Только он хотел сесть, как в дальнем конце заросшей улицы что-то заскрежетало и закряхтело.
Грэмп поспешил выпрямиться и прислушался.
Опять… На этот раз более явственно – гулкое чихание норовистого мотора, лязг разболтанных металлических частей.
– Автомобиль! – завопил Грэмп. – Автомобиль, чтоб мне было пусто!
Он сорвался с места, но тут же вспомнил о своей немощности и сбавил ход.
– Небось Уле Джонсон, – говорил он себе, ковыляя к воротам. – Только у этого психа и остался еще автомобиль. Не желает с ним расставаться, чертов упрямец.
Это был Уле.
Грэмп подоспел к воротам как раз в ту минуту, когда из-за угла, подпрыгивая на ухабах, выехал древний, весь в ржавчине, разбитый рыдван. Из перегревшегося радиатора со свистом вырывался пар, а выхлопная труба, потерявшая глушитель лет пять или больше назад, извергала клубы синего дыма.
Уле важно восседал за рулем. Весь внимание, он старался обойти самые глубокие выбоины, но не так-то просто было высмотреть их сквозь завладевший улицей густой бурьян.
Грэмп помахал тростью:
– Привет, Уле!
Поравнявшись с ним, Уле дернул ручной тормоз, машина поперхнулась, лязгнула всеми частями, кашлянула и замолкла, издав напоследок сиплый вздох.
– Чем заправляешь? – спросил Грэмп.
– Всего помаленьку, – ответил Уле. – Керосин, спиртец, солярка – нашел остатки в старой бочке.
Грэмп восхищенно смотрел на бренную конструкцию.
– Да… было время, сам держал машину, сто миль в час развивала.
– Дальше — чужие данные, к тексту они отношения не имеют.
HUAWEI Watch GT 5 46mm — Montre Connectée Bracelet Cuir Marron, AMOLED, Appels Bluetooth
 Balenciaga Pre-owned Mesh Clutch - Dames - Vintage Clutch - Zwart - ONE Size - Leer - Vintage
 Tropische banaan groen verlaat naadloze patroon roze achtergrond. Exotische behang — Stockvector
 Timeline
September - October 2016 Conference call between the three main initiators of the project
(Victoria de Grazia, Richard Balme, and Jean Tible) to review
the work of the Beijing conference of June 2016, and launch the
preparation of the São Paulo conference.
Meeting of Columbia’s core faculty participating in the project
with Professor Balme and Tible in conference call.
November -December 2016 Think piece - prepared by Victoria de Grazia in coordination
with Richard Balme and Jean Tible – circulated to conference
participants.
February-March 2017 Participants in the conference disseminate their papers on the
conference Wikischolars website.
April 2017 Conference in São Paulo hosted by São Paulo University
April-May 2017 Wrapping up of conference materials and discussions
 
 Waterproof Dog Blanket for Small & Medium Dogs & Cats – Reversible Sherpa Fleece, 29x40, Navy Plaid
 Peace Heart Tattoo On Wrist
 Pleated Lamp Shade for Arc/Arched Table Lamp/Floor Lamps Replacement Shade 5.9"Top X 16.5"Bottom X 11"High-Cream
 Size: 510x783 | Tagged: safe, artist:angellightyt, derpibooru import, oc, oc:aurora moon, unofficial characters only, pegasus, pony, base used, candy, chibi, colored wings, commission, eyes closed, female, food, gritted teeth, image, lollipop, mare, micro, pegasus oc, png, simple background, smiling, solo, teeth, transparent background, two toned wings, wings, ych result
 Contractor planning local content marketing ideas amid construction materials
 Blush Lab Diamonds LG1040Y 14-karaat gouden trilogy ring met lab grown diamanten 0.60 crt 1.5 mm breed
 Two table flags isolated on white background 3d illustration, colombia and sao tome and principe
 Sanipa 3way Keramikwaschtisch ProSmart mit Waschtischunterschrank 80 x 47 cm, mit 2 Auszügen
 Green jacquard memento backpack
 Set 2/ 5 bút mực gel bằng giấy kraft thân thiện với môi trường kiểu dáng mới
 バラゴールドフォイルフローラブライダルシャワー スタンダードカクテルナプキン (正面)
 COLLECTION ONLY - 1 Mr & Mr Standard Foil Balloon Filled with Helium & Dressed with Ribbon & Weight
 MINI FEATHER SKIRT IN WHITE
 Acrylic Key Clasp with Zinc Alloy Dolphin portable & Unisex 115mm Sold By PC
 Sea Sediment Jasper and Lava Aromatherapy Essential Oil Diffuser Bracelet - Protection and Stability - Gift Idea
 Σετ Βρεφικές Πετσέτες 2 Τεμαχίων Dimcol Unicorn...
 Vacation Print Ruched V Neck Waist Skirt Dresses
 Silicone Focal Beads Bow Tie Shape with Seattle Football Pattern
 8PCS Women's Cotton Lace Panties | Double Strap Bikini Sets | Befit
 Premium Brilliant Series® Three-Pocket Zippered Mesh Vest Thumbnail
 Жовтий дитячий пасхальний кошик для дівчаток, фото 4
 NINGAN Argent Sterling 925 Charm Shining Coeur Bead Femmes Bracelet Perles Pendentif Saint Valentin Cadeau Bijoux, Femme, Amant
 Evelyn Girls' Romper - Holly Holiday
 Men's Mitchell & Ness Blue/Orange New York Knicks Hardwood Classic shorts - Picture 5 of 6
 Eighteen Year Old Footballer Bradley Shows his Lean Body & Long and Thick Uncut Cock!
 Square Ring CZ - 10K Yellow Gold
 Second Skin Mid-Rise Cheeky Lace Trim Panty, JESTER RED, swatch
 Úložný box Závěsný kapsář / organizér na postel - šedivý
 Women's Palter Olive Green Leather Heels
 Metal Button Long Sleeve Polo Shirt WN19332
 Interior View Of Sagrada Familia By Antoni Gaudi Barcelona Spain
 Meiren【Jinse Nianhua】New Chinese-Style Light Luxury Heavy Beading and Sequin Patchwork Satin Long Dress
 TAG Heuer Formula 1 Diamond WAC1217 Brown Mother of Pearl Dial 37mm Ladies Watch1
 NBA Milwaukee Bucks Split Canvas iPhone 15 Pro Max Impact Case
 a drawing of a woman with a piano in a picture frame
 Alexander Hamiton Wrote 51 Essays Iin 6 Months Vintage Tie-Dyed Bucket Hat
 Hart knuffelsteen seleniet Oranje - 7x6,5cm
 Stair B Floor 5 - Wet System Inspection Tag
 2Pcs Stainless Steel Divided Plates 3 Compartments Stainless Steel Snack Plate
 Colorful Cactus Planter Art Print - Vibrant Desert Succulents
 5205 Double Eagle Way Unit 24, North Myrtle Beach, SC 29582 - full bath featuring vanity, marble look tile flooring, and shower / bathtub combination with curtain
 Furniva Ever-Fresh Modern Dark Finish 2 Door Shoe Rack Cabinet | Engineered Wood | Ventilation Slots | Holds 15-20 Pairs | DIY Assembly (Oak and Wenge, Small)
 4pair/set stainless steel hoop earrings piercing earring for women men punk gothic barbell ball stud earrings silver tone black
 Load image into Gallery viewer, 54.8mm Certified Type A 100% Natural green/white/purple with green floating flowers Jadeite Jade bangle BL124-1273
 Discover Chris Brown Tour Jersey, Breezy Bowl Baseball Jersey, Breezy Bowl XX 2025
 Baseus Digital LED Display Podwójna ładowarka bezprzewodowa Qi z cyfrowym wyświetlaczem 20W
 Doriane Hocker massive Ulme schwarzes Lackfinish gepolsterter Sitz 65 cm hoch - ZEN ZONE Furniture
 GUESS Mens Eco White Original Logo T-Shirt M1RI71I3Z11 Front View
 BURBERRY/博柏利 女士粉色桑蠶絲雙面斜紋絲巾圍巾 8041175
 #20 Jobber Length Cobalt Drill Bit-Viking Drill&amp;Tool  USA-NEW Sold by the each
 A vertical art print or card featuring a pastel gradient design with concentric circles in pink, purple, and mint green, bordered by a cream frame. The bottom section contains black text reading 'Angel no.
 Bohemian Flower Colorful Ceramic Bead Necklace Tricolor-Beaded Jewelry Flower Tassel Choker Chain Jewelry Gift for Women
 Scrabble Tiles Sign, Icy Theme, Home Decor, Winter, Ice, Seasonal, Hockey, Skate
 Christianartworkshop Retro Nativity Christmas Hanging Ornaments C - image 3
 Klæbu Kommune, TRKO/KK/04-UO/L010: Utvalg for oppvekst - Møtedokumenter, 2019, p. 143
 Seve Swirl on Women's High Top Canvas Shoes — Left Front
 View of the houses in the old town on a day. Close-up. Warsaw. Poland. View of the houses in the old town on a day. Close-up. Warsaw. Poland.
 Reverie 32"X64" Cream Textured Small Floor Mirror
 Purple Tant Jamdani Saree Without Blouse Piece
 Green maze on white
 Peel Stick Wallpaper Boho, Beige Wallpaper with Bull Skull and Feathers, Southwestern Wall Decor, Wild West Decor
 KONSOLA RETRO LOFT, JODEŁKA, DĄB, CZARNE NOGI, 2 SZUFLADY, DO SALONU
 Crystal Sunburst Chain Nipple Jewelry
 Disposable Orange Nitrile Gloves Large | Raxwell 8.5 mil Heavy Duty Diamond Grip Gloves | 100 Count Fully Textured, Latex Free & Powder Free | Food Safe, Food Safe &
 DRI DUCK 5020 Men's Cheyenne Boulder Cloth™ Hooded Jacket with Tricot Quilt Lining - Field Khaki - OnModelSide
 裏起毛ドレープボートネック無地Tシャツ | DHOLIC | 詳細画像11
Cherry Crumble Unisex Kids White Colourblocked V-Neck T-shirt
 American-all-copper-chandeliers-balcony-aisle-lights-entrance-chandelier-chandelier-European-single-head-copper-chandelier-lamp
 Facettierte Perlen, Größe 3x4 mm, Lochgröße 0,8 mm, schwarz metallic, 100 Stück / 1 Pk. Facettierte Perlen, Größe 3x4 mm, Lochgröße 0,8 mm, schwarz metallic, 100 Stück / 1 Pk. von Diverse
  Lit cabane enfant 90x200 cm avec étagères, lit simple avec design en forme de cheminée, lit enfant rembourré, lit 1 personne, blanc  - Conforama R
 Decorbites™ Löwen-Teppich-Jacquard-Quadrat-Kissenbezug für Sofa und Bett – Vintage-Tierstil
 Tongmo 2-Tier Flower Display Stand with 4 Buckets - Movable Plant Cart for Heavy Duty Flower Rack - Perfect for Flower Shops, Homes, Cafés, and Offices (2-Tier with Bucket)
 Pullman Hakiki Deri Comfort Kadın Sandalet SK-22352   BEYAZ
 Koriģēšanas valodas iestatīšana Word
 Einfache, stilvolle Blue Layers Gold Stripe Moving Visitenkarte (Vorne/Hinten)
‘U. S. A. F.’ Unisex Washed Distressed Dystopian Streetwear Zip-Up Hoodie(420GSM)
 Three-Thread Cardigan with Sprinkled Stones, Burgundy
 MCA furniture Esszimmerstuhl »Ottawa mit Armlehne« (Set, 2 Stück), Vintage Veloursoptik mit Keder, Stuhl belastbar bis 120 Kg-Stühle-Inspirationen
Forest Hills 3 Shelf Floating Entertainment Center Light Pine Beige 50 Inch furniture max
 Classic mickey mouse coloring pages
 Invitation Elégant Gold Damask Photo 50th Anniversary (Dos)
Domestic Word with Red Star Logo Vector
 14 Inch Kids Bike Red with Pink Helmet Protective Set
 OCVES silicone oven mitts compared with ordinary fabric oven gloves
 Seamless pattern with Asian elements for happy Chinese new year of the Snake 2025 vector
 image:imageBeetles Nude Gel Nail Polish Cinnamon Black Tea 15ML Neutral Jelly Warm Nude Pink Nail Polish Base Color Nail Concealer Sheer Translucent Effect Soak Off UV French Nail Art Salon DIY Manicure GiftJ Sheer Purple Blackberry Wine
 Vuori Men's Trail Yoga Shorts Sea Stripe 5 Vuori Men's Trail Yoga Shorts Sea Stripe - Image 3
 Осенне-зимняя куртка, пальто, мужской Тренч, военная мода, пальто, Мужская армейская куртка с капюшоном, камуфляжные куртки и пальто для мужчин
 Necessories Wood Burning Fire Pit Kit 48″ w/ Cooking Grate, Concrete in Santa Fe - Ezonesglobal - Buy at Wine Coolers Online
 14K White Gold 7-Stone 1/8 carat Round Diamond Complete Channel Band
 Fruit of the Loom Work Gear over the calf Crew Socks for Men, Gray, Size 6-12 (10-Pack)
– И эта бегает, – отозвался Уле. – Было бы только горючее да запасные части. Года три-четыре назад я еще бензин доставал, теперь-то его давно уже не видно. Кончили производить небось. Дескать, для чего бензин, когда есть атомная энергия.
– Во-во, – подхватил Грэмп. – И ничего не возразишь. Да только атомная, она ведь ничем не пахнет, а для меня нет на свете ничего слаще, чем запах бензина. Со всеми этими вертолетами и прочими премудростями путешествия совсем романтики лишились.
Он покосился на громоздящиеся на заднем сиденье корзины и ящики:
– Овощишками нагрузился?
– Ага, – подтвердил Уле. – Молочная кукуруза, молодая картошечка, три-четыре корзины помидоров. На продажу везу.
Грэмп покачал головой:
– Пустая затея, Уле. Никто не возьмет. Теперь все вбили себе в голову, что для стола одна только гидропоника годится. Гигиенично, мол, и вкус потоньше.
– А я так гроша ломаного не дал бы за ту дрянь, что они в своих банках выращивают, – воинственно объявил Уле. – В рот взять противно! Я Марте всегда так говорю: чтобы в еде настоящее свойство было, ее надо в земле выращивать.
Он опустил руку и повернул ключ зажигания.
– Не знаю даже, стоит ли пытаться ехать в город, – продолжал он. – Вон ведь как дороги запустили, то есть никакого глазу нет. Вспомни нашу автостраду двадцать лет назад: гладкая, ровная, чуть что – новый бетон клали, зимой непрестанно снег счищали. Ничего не жалели, большие деньги тратили, чтобы только движение не прерывалось. А теперь начисто о ней забыли. Бетон весь потрескался, местами и вовсе повыкрошился. Куманика растет. Сегодня на пути сюда пришлось выходить из машины и распиливать дерево, прямо поперек шоссе лежало.